This section describes how the prediction accuracy shown in Table 3 varies with the number of non-missing values in the explanatory variables. Since we confirmed that overlearning is sufficiently suppressed in "Prediction accuracy of missing values", the prediction accuracy was evaluated by combining training data and test data. Model 1 is an easy-to-understand prediction in which the value of the same financial item as the objective variable for the previous or next year determines most of the prediction accuracy, and it is therefore omitted here. As mentioned earlier, in Model 2, there are 39 explanatory variables for 3 years of 13 financial items. We used Model 2 to predict the value of each financial item for all firms that include at least one of the 4 financial items (OR, NE, TFA, and NI) in 2017.

Figure 3 shows how the prediction accuracy of the values of these 4 financial items changes when the number of non-missing explanatory variables changes from 1 to 39, regardless of the kind of item. The prediction accuracy for the four financial items increases dramatically with an increasing number of explanatory variables up to about nine. The reason for this is considered as follows. If there are no more than nine non-missing explanatory variables, the majority is a firm that reports only primary financial items. Since the main financial items are strongly correlated with OR, NE, TFA, and NI, these characteristics appear in the prediction accuracy when there are nine or fewer items. On the other hand, when there are 10 or more explanatory variables with no missing data, the prediction accuracy for these 4 financial items monotonically increases depending on the number of non-missing values. If there are more than 10 non-missing explanatory variables, the majority will be those firms that partially report non-key financial items. Such financial items do not correlate well with OR, NE, TFA, and NI on their own, and their multiple uses improves their prediction accuracy.

Fig. 3
figure 3

Relationship between the accuracy of four financial items (operating revenue (OR), number of employees (NE), tangible fixed assets (TFA), net income (NI)) in Model 2 and the number of non-missing explanatory variables

Firm-size dependence of prediction accuracy

Firm size ranges from local micro firms to global giants. This section examines the dependency of predictive accuracy on firm size. Figure 4a, b show the prediction accuracy for OR of Models 1 and 2. Figure 4c, d show the prediction accuracy for NI of Models 1 and 2. In each figure, the horizontal axis represents the actual value, and the vertical axis represents the median and average of the predicted values by each model. The error bar represents the fourth quantile. Each value is converted by an inverse hyperbolic function.

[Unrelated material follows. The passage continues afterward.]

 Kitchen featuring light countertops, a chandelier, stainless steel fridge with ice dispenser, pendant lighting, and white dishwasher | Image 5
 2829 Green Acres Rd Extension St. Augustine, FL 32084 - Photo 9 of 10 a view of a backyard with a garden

Figure 4a, b show that both Models 1 and 2 can predict OR with high accuracy regardless of OR size. While small- and mid-scale firms account for the majority of the training data, each model is also well trained in predicting OR for large-scale firms.

Next, we discuss the accuracy of NI predictions. Figures 4c, d show that Model 1 can predict positive NI with high accuracy regardless of NI size. On the other hand, Model 2 shows that the accuracy decreases depending on the NI size, and the predicted value is lower than the actual value. Both Models 1 and 2 show that the accuracy of negative NI decreases depending on NI size. Large negative NIs often result from unforeseen extraordinary losses such as natural disasters. Because it is difficult to predict such temporary losses from these explanatory variables, it is likely that the accuracy of predicting negative NI is lower than that of predicting positive NI.

Fig. 4
figure 4

Accuracy of predicting operating revenue (OR) and net income (NI) by size using Models 1 and 2 (\(\sigma = 1,024,000\) dollars in (a) and (b) and \(\sigma =64,000\) dollars in (c) and (d))

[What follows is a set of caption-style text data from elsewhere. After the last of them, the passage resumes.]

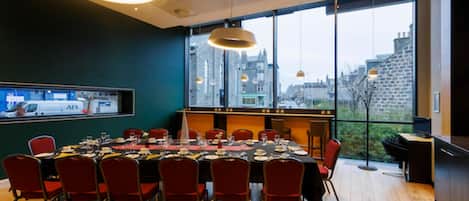 A dining area with a large table set for a meal, red chairs, and a view of buildings through large windows.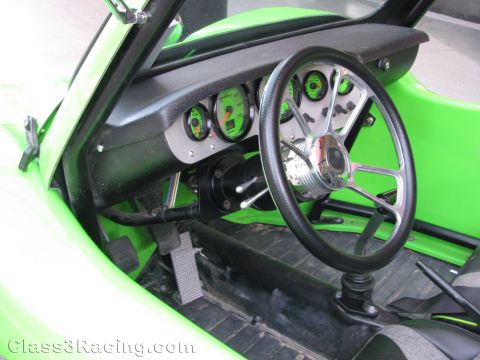 1990 Ford Bronco - Close-up of a green off-road buggy interior with a black steering wheel, chrome steering column, and round gauges in a black dash panel.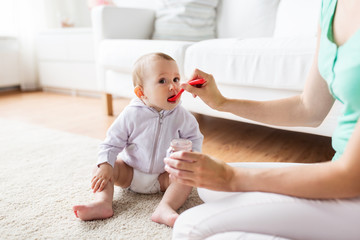 mother with spoon feeding little baby at home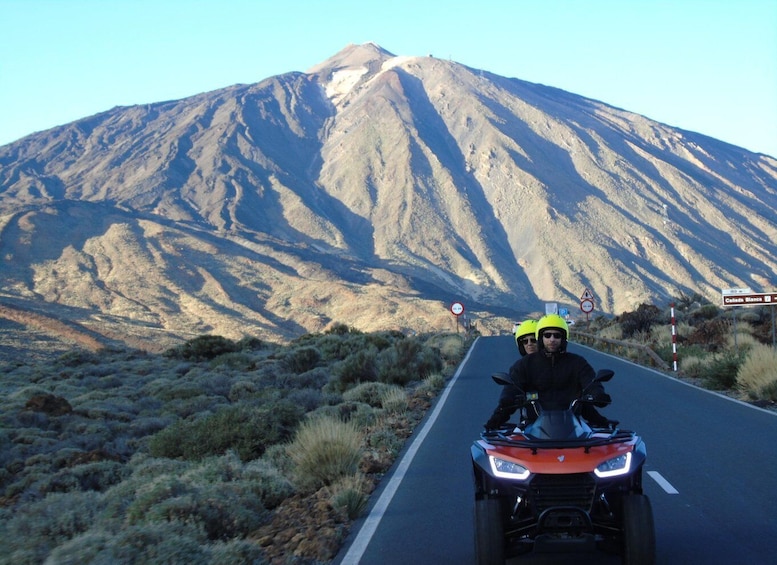 Una persona en una motocicleta sobre una carretera con una montaña al fondo. 1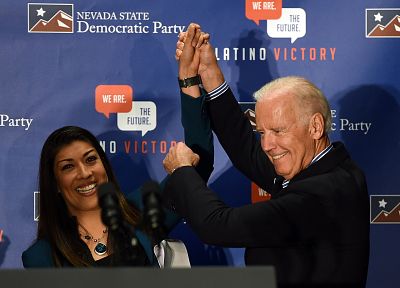 Democratic candidate for lieutenant governor and current Nevada Assemblywoman Lucy Flores, D-Las Vegas, from left, introduces Vice President Joe Biden at a get-out-the-vote rally at a union hall in Las Vegas, Nevada on Nov. 1, 2014.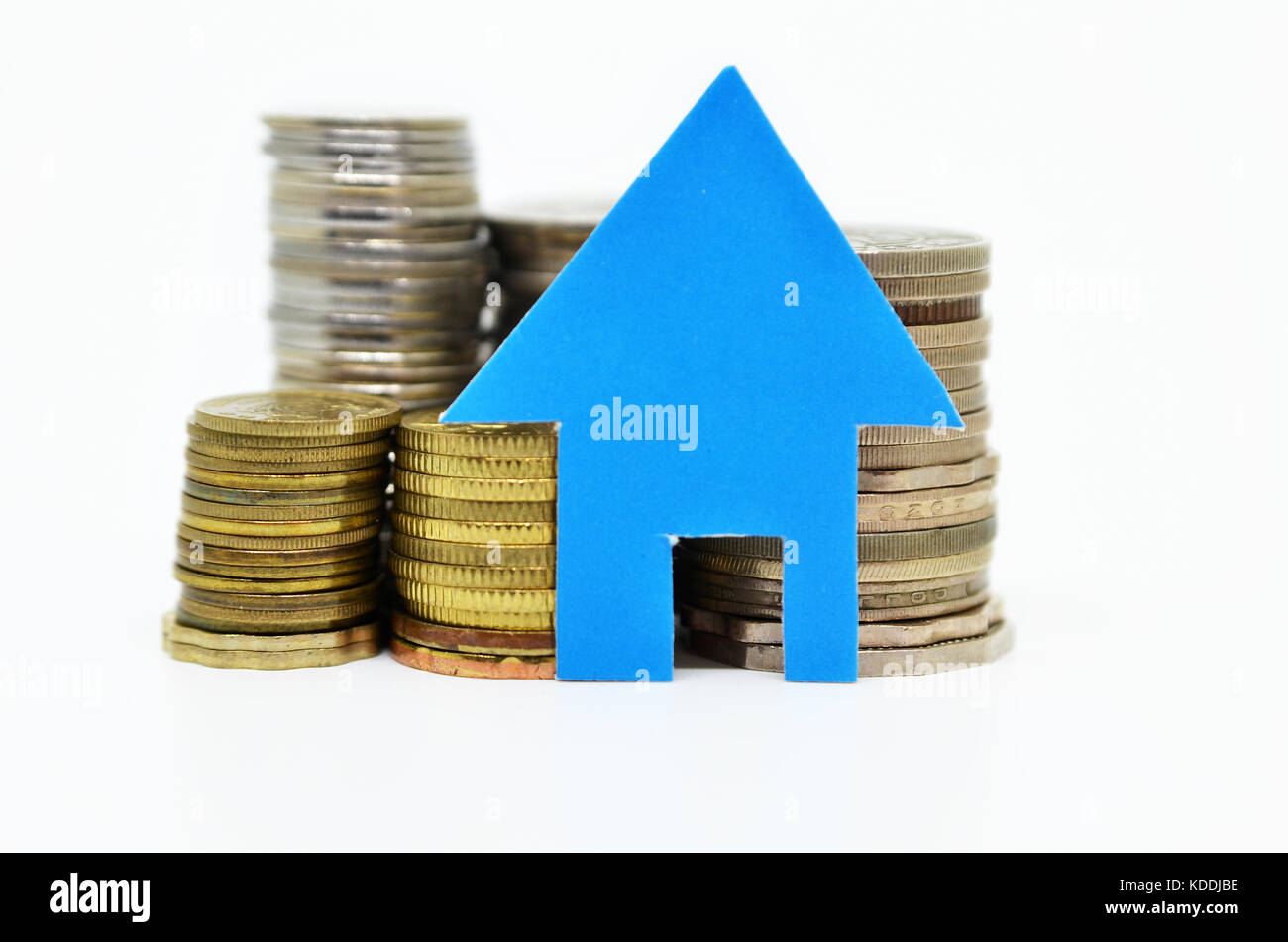 Blue paper house model and stacks of coins Stock Photo - Alamy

Accuracy of reproducing firm-size distribution with predicted values

As shown in the previous sections, the predicted values by Models 1 and 2 include errors. Here, we show that the prediction error does not affect the functional form of the firm-size cumulative distribution. In this paper, the cumulative distribution is defined as the integrated probability density function from x to \(\infty\).

Figure 5a is a comparison of the actual and predicted OR distributions for Japanese firms in 2017 by Model 1. For both OR and NI, the distributions reproduced by the predicted values closely match the actual distributions, indicating that the interpolation of the missing data by Model 1 does not distort the actual distributions.

Figure 5b is a comparison of these two variables in Model 2. As with Model 1 in Fig. 5a, the distribution of OR is faithfully reproduced by the predicted values. On the other hand, in the case of NI, the power-law distribution in the upper range shifts to the lower left overall. This corresponds to the lower NI predicted by Model 2 overall, as shown in "Firm-size dependence of prediction accuracy". However, it is possible to reproduce Zipf’s law in the large-scale range of NI distribution, even with the most inaccurate Model 2 estimates in Table 3. That is, in both Models 1 and 2, the interpolation processing of the missing data by the predicted values does not distort the shape of the distribution of the actual values.

Fig. 5
figure 5

Cumulative distributions of actual and predicted values from Models 1 and 2 for operating revenue (OR) and positive net income (NI) for Japanese firms in 2017

Comparison with a simple method

We compared the number of firms with interpolatable financial values between the interpolation using the models we proposed and the simple interpolation method described below. Furthermore, we compared the accuracy of a simple interpolation method and the comparable Model 1.

Simple interpolation method: For financial item I, the following conditions 1, 2, and 3 are used to interpolate the missing value in preference to 1.

  1. 1.

    If there is no value for t year and there are values for \((t + 1)\) year and \((t -1)\) year, the average value interpolates the value for t year.

  2. 2.

    If there is no value for t year and there is a value for \((t + 1)\) year, the value interpolates the value for t year.

  3. 3.

    If there is no value for t year and there is a value for \((t - 1)\) year, the value interpolates the value for t year.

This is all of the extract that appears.